A generic x86_64 PCIe latency measurement module for the Linux Kernel.
PCIe latencies for a device are measured via the execution time (via x86 Time Stamp Counter ticks) of reading a 32 Bit word from a PCIe device (aka round-trip time CPU->PCIe Device->CPU).
Users can specify:
- The Base Address Register (BAR) from which the 32 Bit word is read. (
Default 0
) - The offset within the BAR. (
Default 0x0
) - Sample count / Measuremnt Loops (
Default 100_000
)
Disable CPU power-saving features (SpeedStep/TurboBoost) that modify CPU clock in order to minimize result variances
Tested on Ubuntu 14.04 and 16.04. First of all, become su:
sudo su
If the device you want to measure is currently bound to a driver, release it:
echo 0000:08:10.0 > /sys/bus/pci/devices/0000\:08\:10.0/driver/unbind
In the following, you'll need device and vendor ids of the PCIe device you want to measure. If you don't know them yet, look them up via lspci
:
lspci -nn -s 08:10.0
> 08:10.0 Ethernet controller [0200]: Intel Corporation 82576 Virtual Function [8086:10ca] (rev 01)

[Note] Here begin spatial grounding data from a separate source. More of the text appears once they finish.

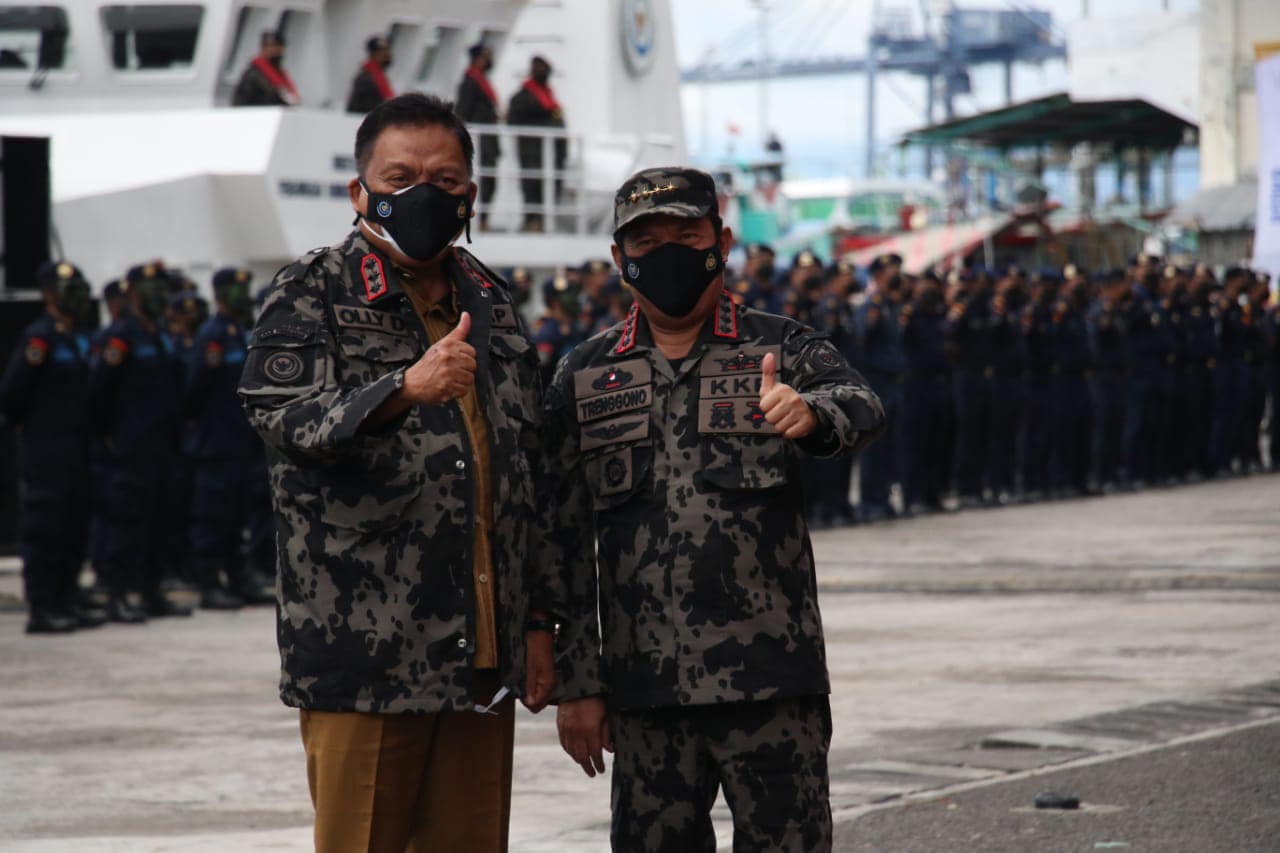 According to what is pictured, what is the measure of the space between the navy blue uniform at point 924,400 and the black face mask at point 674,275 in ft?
41.3

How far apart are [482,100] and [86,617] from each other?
1008 centimetres

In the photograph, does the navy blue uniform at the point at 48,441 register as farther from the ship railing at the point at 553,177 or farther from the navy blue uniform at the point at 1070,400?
the navy blue uniform at the point at 1070,400

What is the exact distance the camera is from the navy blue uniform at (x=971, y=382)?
56.2 ft

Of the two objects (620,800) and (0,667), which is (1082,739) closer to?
(620,800)

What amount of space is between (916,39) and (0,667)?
12408cm

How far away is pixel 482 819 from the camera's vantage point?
3.78m

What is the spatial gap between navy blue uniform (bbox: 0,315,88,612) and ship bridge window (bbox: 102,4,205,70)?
9.31m

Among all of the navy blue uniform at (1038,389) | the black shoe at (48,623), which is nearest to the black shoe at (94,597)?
the black shoe at (48,623)

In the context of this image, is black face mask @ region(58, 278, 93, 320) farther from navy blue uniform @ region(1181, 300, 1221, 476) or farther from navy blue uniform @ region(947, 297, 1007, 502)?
navy blue uniform @ region(1181, 300, 1221, 476)

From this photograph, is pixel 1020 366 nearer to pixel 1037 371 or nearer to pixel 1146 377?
pixel 1037 371

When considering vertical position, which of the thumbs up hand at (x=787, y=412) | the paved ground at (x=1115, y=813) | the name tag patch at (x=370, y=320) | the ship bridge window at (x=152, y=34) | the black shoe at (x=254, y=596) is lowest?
the black shoe at (x=254, y=596)

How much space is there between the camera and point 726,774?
3.89 m

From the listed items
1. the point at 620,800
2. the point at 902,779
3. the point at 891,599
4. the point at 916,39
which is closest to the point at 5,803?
the point at 902,779

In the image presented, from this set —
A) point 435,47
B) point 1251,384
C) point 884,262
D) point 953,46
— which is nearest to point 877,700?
point 884,262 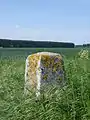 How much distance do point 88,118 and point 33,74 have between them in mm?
1795

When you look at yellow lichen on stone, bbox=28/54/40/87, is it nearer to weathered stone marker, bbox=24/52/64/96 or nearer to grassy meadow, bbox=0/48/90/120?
weathered stone marker, bbox=24/52/64/96

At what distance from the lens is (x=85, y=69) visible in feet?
20.1

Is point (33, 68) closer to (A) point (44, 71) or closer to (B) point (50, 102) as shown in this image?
(A) point (44, 71)

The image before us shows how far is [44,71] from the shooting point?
592 centimetres

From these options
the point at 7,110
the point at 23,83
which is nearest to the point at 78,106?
the point at 7,110

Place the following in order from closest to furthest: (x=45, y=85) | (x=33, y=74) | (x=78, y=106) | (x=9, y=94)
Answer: (x=78, y=106), (x=9, y=94), (x=45, y=85), (x=33, y=74)

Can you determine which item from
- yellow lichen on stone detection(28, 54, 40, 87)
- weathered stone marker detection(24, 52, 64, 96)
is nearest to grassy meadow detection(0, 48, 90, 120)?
weathered stone marker detection(24, 52, 64, 96)

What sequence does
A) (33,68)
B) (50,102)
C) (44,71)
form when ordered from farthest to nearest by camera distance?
1. (33,68)
2. (44,71)
3. (50,102)

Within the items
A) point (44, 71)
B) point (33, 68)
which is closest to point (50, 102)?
point (44, 71)

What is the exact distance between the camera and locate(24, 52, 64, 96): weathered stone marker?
5.81 metres

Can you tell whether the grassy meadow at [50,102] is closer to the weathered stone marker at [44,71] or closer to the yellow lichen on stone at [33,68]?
the weathered stone marker at [44,71]

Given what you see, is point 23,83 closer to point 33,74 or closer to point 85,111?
point 33,74

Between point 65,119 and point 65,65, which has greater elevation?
point 65,65

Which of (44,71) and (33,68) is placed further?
(33,68) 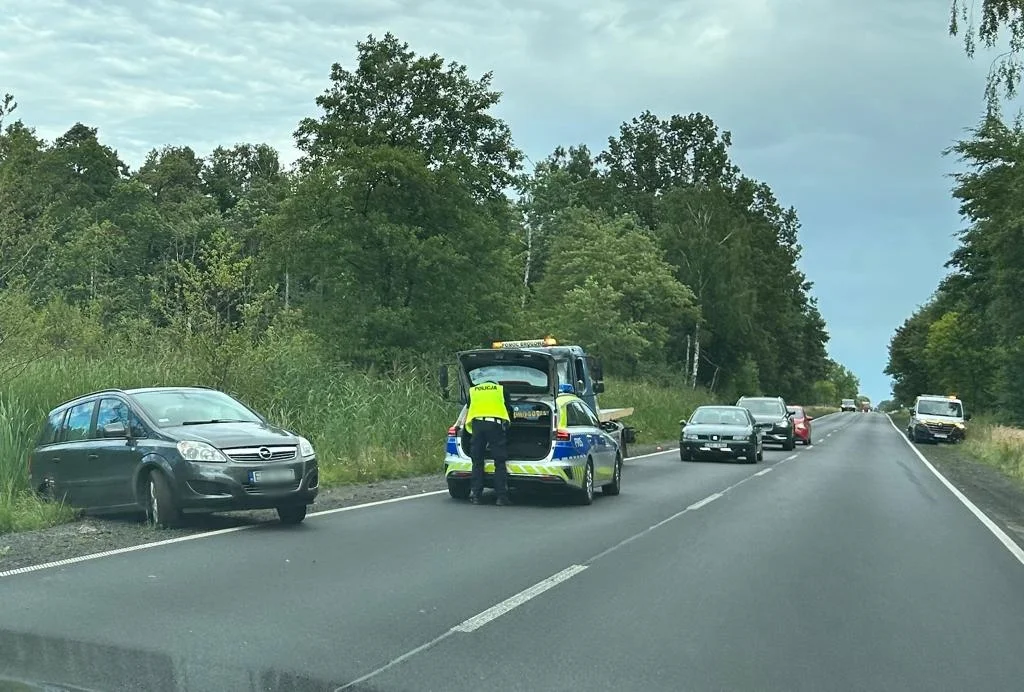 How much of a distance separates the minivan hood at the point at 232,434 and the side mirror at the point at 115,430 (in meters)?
0.49

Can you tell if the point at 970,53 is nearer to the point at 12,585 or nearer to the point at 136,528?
the point at 136,528

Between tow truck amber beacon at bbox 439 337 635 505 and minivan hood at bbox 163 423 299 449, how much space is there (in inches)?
146

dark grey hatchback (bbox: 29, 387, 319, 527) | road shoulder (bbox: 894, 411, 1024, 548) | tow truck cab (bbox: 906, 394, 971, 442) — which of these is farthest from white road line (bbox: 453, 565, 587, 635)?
tow truck cab (bbox: 906, 394, 971, 442)

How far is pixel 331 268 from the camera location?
1264 inches

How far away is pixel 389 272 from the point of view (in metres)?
32.8

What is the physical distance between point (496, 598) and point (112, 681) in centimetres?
317

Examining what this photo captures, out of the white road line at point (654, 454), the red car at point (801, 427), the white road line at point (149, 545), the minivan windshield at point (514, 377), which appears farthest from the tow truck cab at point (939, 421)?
the white road line at point (149, 545)

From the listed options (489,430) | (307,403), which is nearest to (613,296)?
(307,403)

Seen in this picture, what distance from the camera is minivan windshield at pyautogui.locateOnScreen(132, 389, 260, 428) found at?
39.5 feet

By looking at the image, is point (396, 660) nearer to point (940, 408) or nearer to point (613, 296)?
point (940, 408)

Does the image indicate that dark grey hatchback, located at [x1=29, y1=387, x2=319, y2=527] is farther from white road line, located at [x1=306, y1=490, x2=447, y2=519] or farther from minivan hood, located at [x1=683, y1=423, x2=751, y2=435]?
minivan hood, located at [x1=683, y1=423, x2=751, y2=435]

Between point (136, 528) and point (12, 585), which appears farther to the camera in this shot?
point (136, 528)

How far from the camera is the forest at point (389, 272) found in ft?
63.5

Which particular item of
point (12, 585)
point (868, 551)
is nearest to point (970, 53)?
point (868, 551) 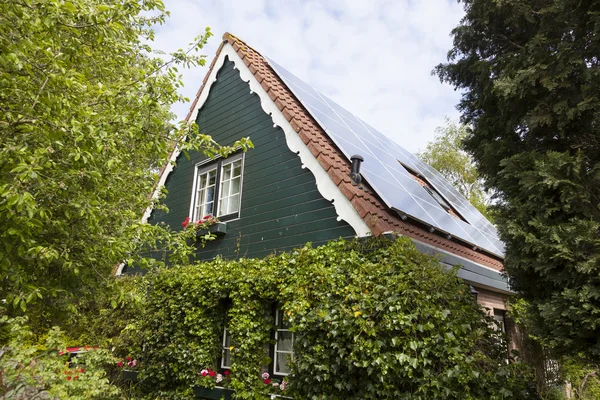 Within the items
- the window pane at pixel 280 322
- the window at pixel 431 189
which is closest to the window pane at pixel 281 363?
the window pane at pixel 280 322

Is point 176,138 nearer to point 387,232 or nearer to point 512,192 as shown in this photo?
point 387,232

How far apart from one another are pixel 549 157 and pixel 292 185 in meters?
4.12

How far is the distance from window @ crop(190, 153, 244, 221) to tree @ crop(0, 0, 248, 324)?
9.77 feet

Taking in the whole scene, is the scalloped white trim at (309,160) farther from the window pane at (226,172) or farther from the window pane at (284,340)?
the window pane at (284,340)

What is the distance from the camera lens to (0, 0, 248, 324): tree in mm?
3701

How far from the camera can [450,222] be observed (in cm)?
808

Build the kernel module and insert it. Supply device and vendor ids to insmod via the ids
argument:
make
insmod ./pcie-lat.ko ids=8086:10ca
If you want to add additional devices later on, you can do so via sysfs:
echo "10ee 7014" > /sys/bus/pci/drivers/pcie_lat/new_id
echo 0000:20:00.0 > /sys/bus/pci/drivers/pcie_lat/bind
Execute measurements via the supplied ruby script. Mandatory argument is the PCIe device BDF. Offset, BAR and loop count is optional:
ruby measure.rb -p 08:10.0 -l 1000000 -b 0 -o 0x0
> TSC freq: 2294470000.0 Hz
> TSC overhead: 52 cycles
> Device: 08:10.0
> BAR: 0
> Offset: 0x0
> Loops: 1000000
>
> | Results (1000000 samples)
> ------------------------------------------------------
> Mean | 3628.02 cycles | 1581.20 ns
> Stdd | 30.69 cycles | 13.37 ns
>
>
> | 3σ Results (995274 samples, 0.005% discarded)
> ------------------------------------------------------
> Mean | 3627.52 cycles | 1580.99 ns
> Stdd | 27.69 cycles | 12.07 ns
>
> writing 3σ values (in ns) to file...
The script saves the 3σ values of the measurement run into a csv file, e.g. lat_1000000_loops_3sigma.csv
.
You can generate a histogram via NumPy/matplotlib:
python hist.py lat_1000000_loops_3sigma.csv
Example Output:
An alternative to run pcie-lat automatively is using all_in_one.py
, which executes all configurations and visualizations above.
Note that the final output graph plots all latency distributions with the Y axis in a logarithmic scale.
Also run the script as root:
python3 all_in_one.py 00:1f.4 1000000
- pcie-lat only works on 64 Bit x86 architectures.
- Look at the comments inside the source files for more in-depth explanations.
- Some debug/runtime information can be viewed via
dmesg
.
- Chris Wright: Linux pci-stub driver.
- Gabriele Paoloni: TSC code presented in "How to Benchmark Code Execution Times on Intel IA-32 and IA-64 Instruction Set Architectures"
Copyright (C) 2014 by the author(s)
This program is free software; you can redistribute it and/or modify it under the terms of the GNU General Public License as published by the Free Software Foundation; either version 2 of the License, or (at your option) any later version.
This program is distributed in the hope that it will be useful, but WITHOUT ANY WARRANTY; without even the implied warranty of MERCHANTABILITY or FITNESS FOR A PARTICULAR PURPOSE. See the GNU General Public License for more details.
You should have received a copy of the GNU General Public License along with this program; if not, write to the Free Software Foundation, Inc., 51 Franklin Street, Fifth Floor, Boston, MA 02110-1301 USA.